* [Requirement]: What is needed is an exact copy of the lines from the one containing "a small bathroom" through the last line of the records, with no pictures.

Image-text web data
┌────────
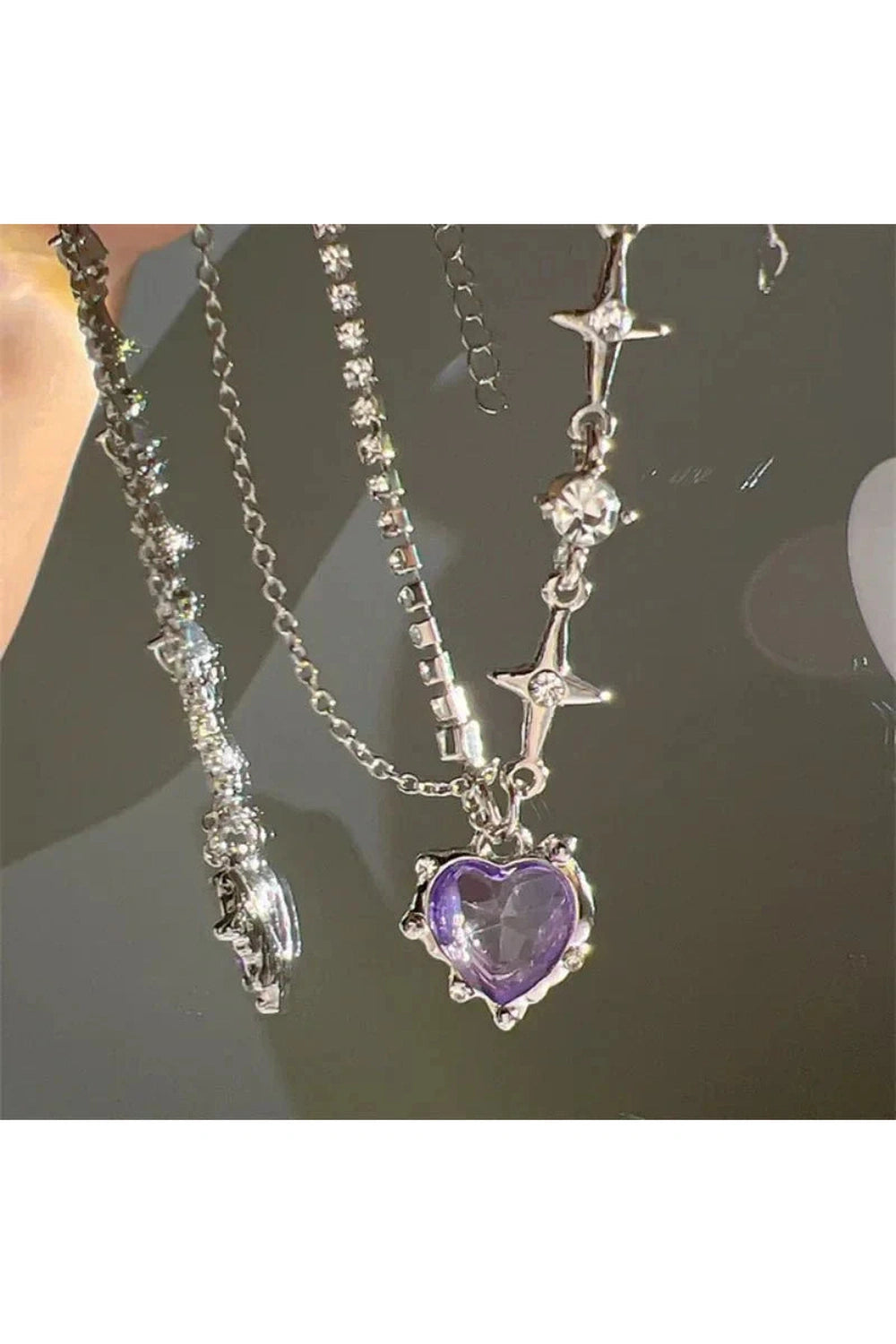 Y2k Purple Heart Pendant Necklace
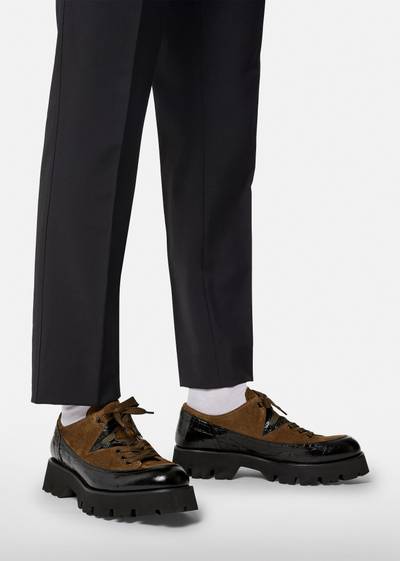 VERSACE Leonidas Suede Lace-Up Shoes outlook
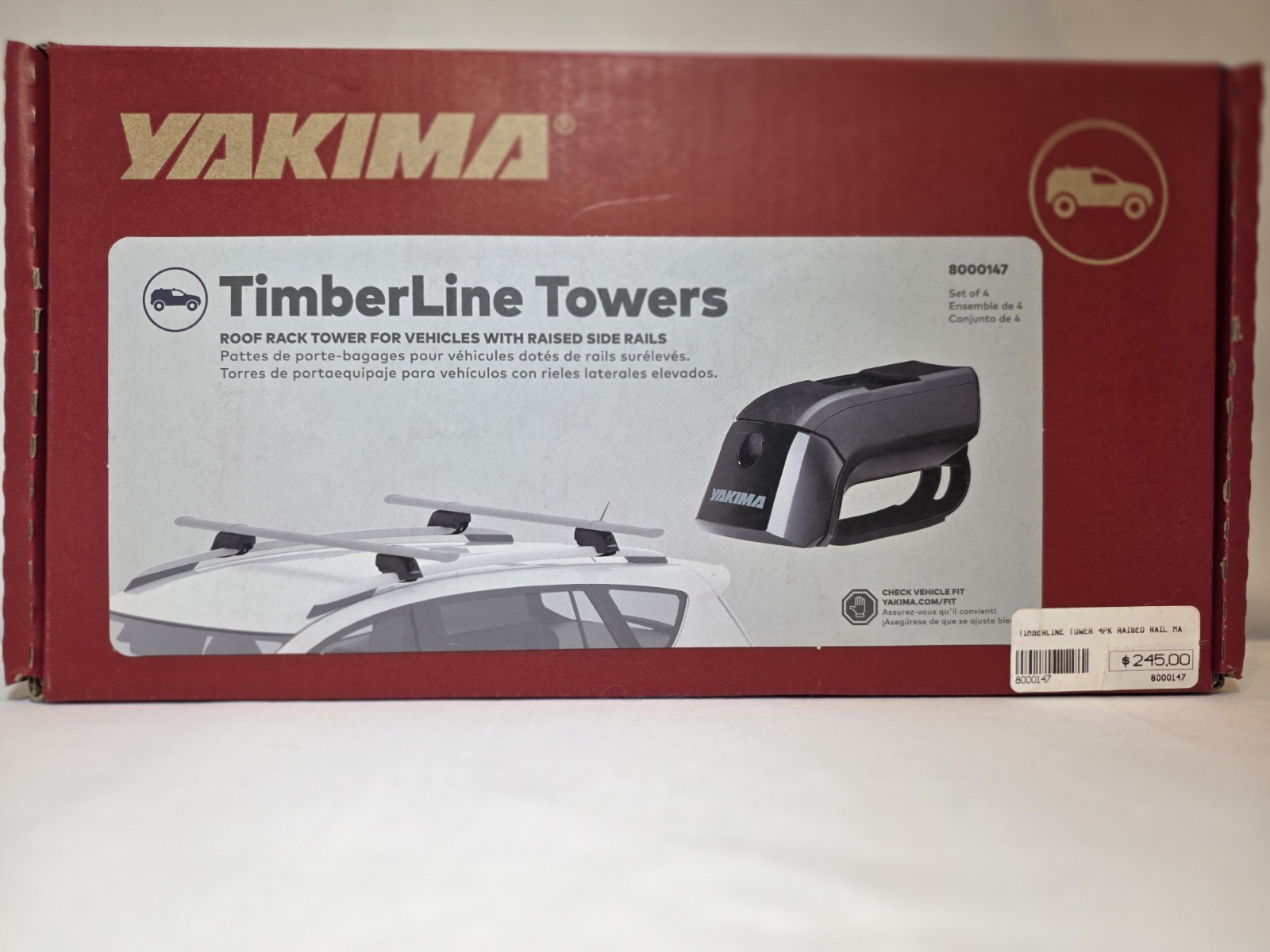 Yakima TimberLine Towers Raised Rail Tower Set of 4 8000147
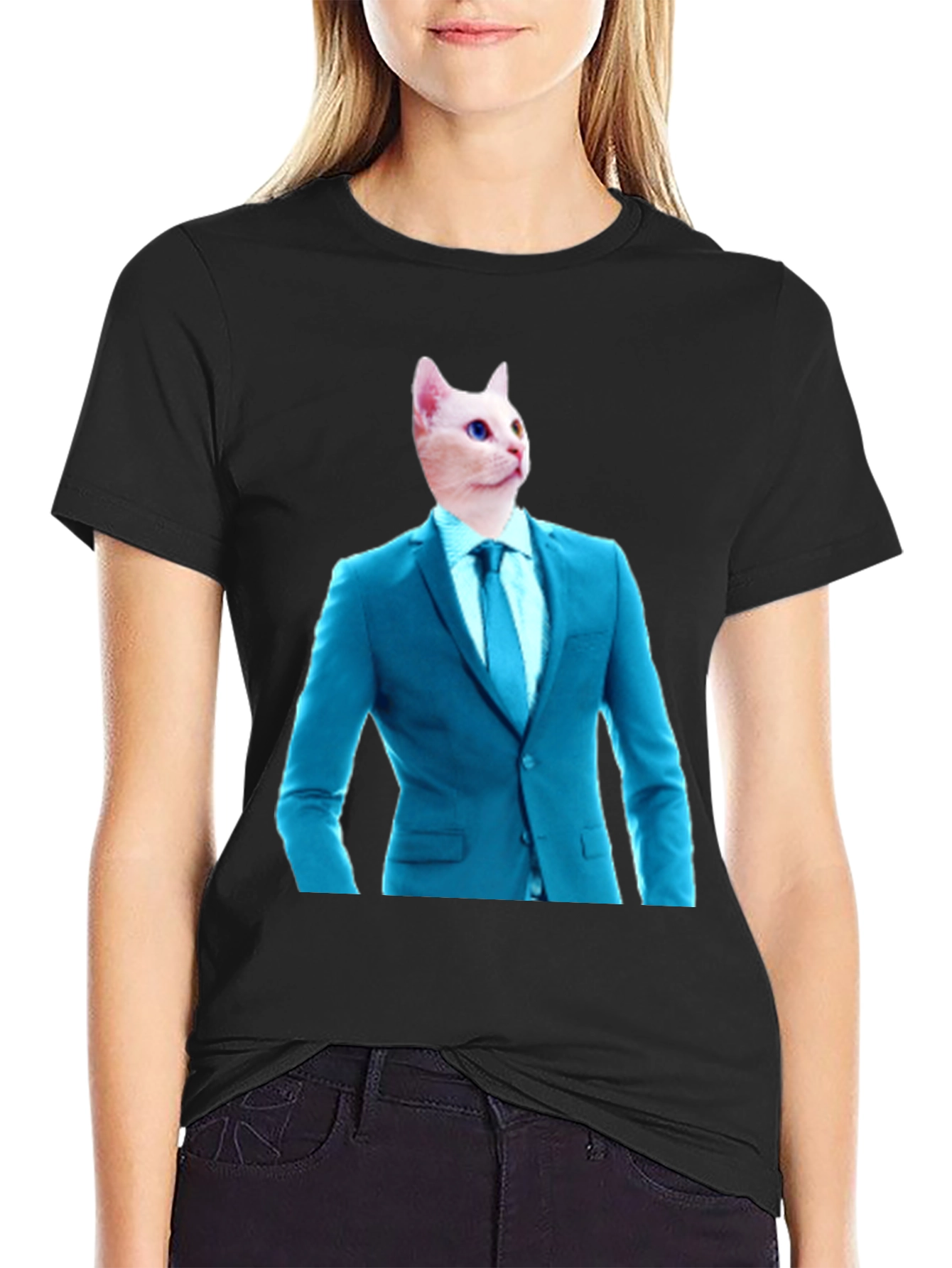 Cat in Suit T-Shirt - Funny Feline Fashion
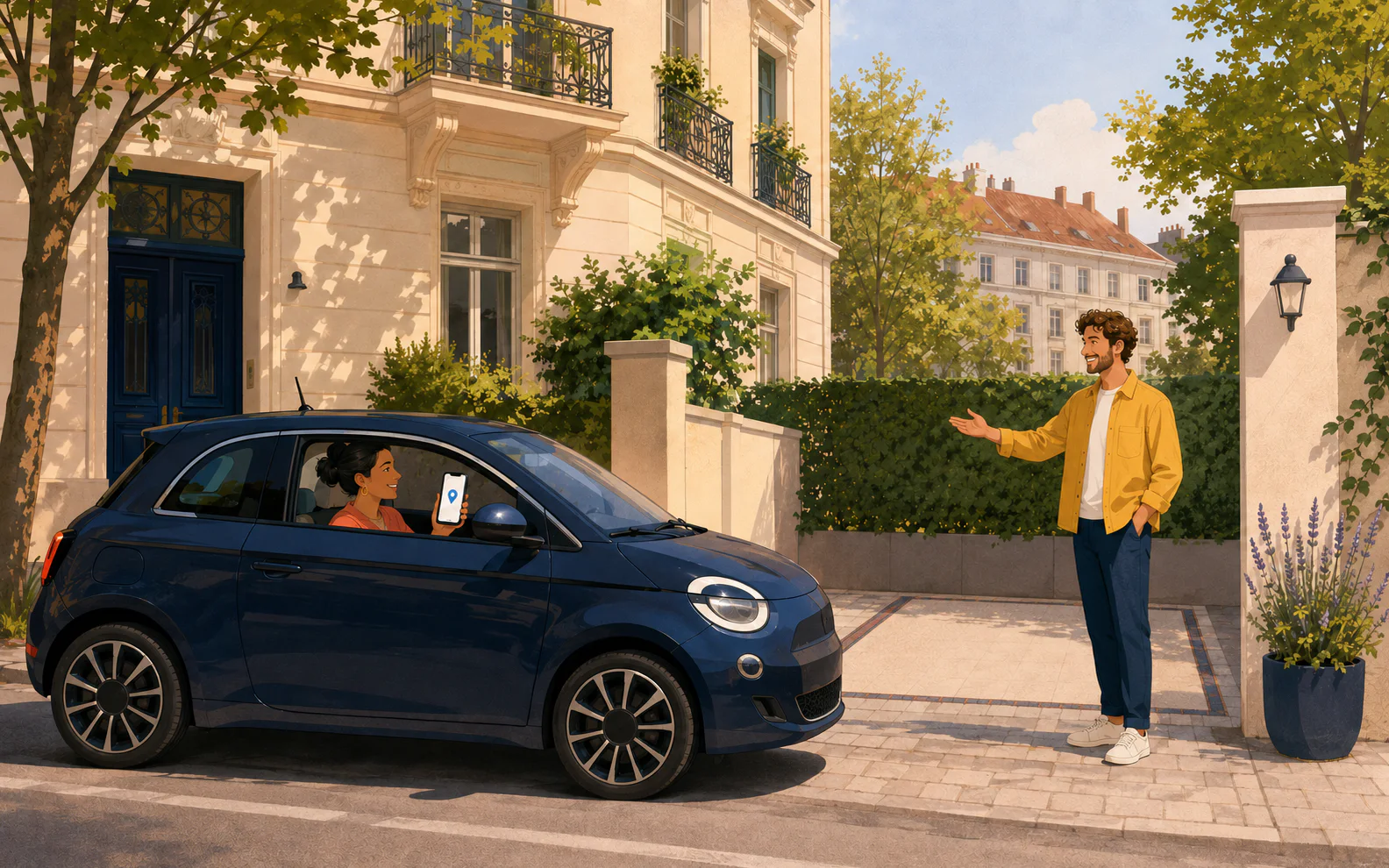 Illustration einer entspannten Ankunft an einem privaten Stellplatz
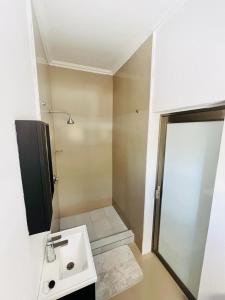 a small bathroom with a sink and a shower at Goldland Apartments Annex in Kitwe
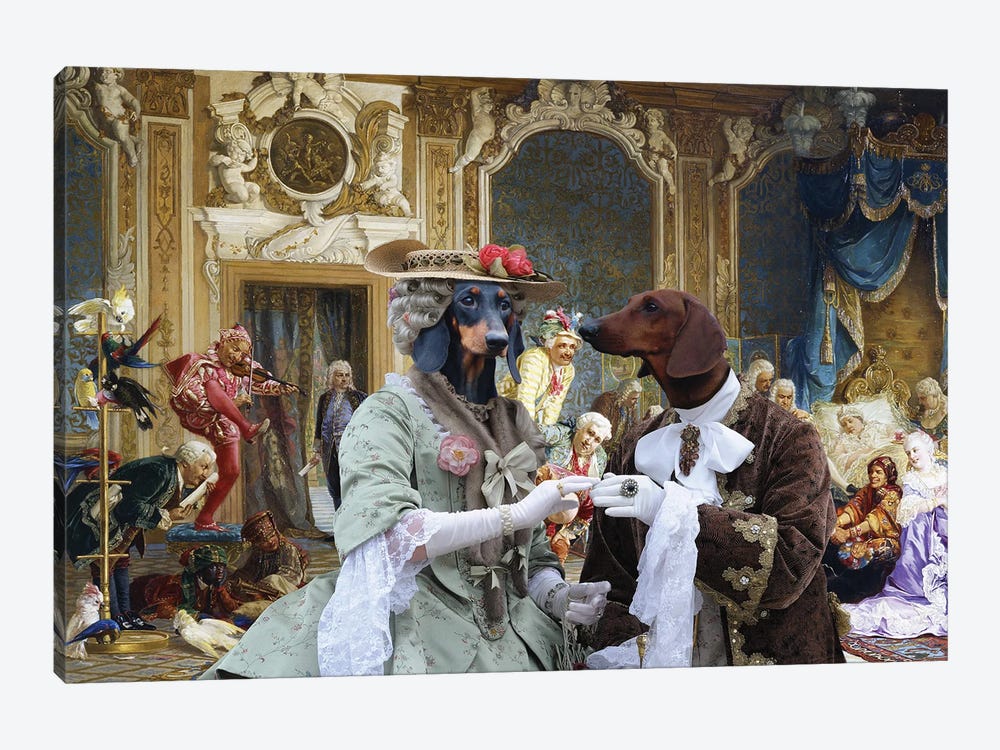 Dachshund Royal Party by Nobility Dogs 1-piece Canvas Art Print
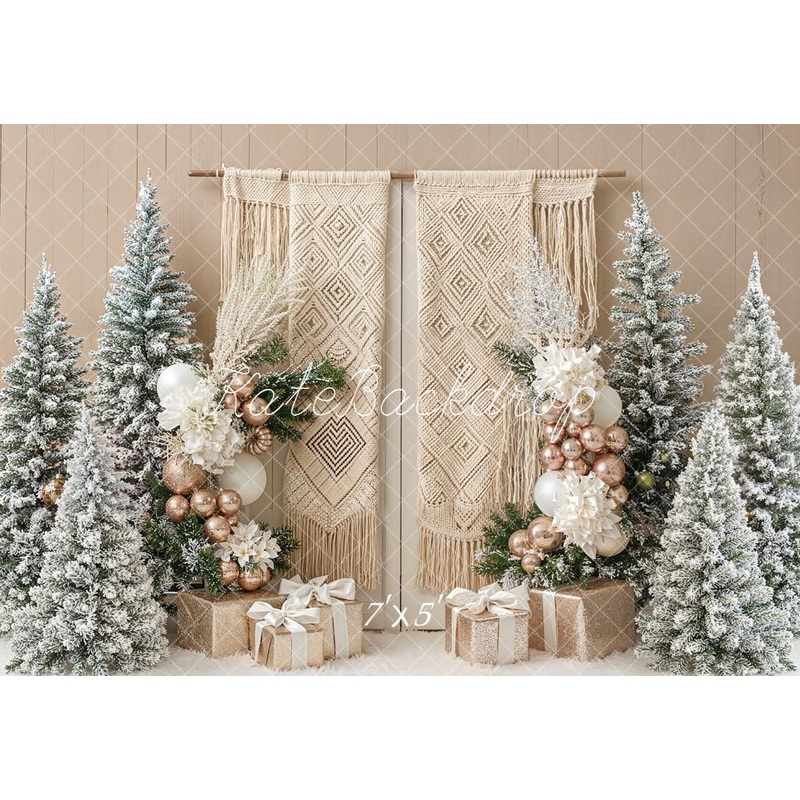 Kate Christmas Boho Macrame Frosted Trees Gift Boxes Backdrop Designed by Emetselch Microfiber (Printed) 7x5ft - small kids sitting / cake smash
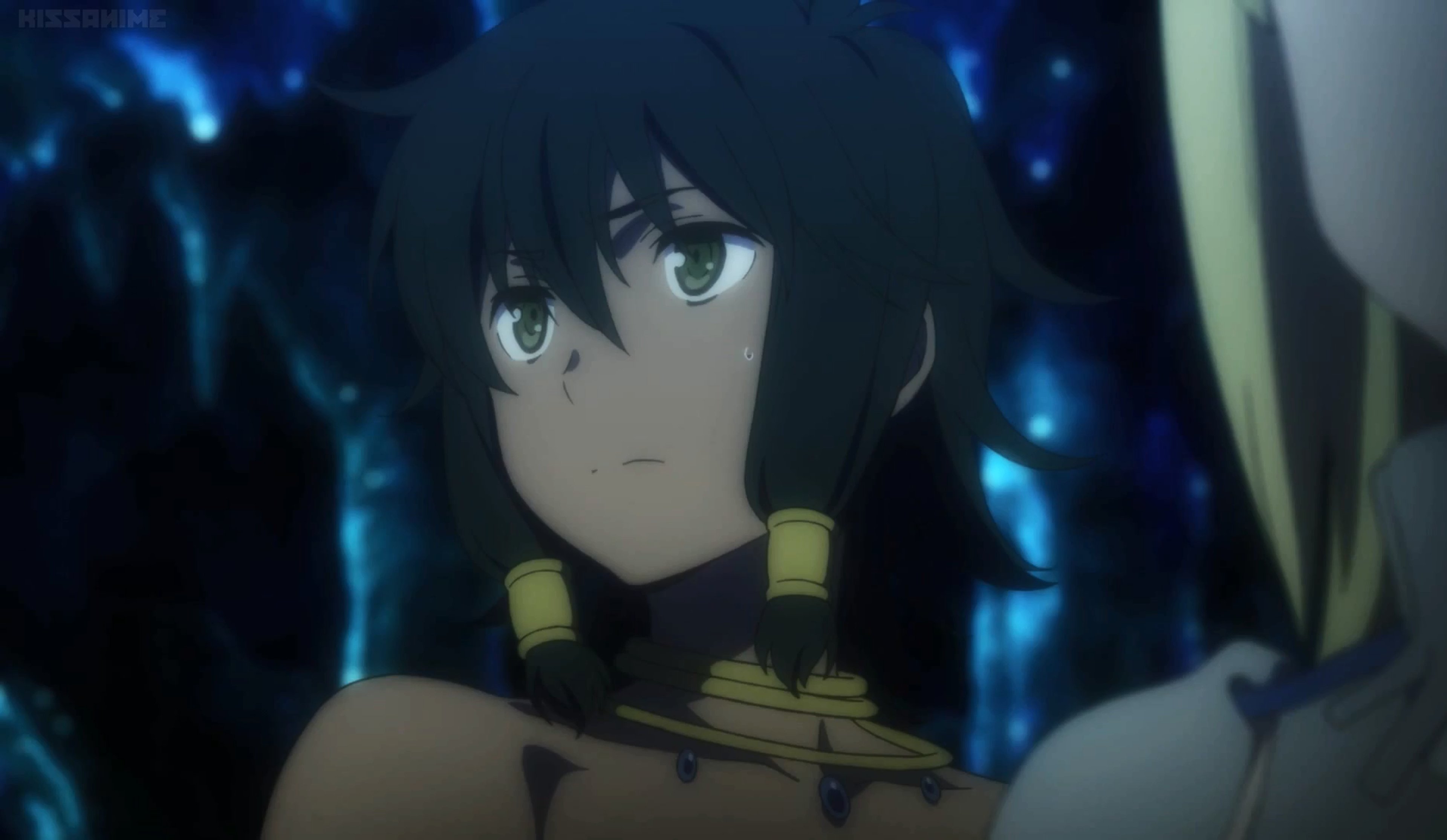 An anime-style character with long dark hair, wearing a yellow top that exposes her midriff and shoulders, in a fighting stance.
└────────
* [Response for this exercise]:
 a small bathroom with a sink and a shower at Goldland Apartments Annex in Kitwe
 Dachshund Royal Party by Nobility Dogs 1-piece Canvas Art Print
 Kate Christmas Boho Macrame Frosted Trees Gift Boxes Backdrop Designed by Emetselch Microfiber (Printed) 7x5ft - small kids sitting / cake smash
 An anime-style character with long dark hair, wearing a yellow top that exposes her midriff and shoulders, in a fighting stance.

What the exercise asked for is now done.